*TRY IT*
Repeat the records below exactly, beginning at the first line and finishing with the line that contains "Moonspell - ...Of".

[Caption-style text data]
+++

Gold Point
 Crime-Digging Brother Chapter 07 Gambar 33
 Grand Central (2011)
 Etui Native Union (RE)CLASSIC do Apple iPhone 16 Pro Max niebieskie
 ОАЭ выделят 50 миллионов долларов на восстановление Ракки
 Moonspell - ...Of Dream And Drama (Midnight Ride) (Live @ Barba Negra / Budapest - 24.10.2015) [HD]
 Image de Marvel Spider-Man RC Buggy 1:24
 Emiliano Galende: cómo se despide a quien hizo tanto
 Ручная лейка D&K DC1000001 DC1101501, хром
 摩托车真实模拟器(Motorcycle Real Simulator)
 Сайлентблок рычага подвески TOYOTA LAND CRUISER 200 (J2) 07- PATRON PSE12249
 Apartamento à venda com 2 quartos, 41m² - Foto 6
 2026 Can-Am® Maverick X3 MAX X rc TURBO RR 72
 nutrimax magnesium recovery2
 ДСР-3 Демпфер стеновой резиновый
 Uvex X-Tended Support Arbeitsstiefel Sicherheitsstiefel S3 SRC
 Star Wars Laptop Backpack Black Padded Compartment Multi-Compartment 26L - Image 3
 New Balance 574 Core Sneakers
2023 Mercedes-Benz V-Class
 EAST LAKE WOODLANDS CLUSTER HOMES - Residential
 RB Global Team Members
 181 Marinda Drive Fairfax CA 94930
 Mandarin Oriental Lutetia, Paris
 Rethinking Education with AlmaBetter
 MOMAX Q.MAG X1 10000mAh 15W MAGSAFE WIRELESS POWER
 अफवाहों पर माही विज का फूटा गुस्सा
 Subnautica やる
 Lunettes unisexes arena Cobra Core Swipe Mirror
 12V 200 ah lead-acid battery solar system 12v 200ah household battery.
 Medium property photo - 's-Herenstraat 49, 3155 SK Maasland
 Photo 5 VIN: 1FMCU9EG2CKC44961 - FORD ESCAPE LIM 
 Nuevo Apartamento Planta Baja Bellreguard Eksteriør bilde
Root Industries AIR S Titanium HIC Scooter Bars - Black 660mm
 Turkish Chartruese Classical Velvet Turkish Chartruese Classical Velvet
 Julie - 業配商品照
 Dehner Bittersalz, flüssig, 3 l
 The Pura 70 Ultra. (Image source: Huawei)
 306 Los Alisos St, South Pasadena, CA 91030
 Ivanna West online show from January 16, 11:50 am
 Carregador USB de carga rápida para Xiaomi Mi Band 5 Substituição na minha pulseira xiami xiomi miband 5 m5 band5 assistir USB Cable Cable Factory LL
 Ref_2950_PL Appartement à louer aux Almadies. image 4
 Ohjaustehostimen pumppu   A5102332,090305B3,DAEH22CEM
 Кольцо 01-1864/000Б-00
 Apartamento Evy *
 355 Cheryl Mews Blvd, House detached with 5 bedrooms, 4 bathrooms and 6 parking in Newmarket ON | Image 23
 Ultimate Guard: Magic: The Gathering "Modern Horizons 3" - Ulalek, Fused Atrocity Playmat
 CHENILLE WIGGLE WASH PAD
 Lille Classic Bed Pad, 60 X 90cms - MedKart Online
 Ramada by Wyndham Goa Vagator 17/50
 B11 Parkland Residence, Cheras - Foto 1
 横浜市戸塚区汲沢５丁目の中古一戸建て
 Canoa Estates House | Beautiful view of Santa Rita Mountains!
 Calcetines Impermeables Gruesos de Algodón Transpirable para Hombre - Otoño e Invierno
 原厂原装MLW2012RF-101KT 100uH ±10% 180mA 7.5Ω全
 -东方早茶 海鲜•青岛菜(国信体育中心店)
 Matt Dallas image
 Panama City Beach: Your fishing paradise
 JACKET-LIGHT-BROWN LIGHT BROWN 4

+++

*ANSWER SECTION*
Gold Point
 Crime-Digging Brother Chapter 07 Gambar 33
 Grand Central (2011)
 Etui Native Union (RE)CLASSIC do Apple iPhone 16 Pro Max niebieskie
 ОАЭ выделят 50 миллионов долларов на восстановление Ракки
 Moonspell - ...Of Dream And Drama (Midnight Ride) (Live @ Barba Negra / Budapest - 24.10.2015) [HD]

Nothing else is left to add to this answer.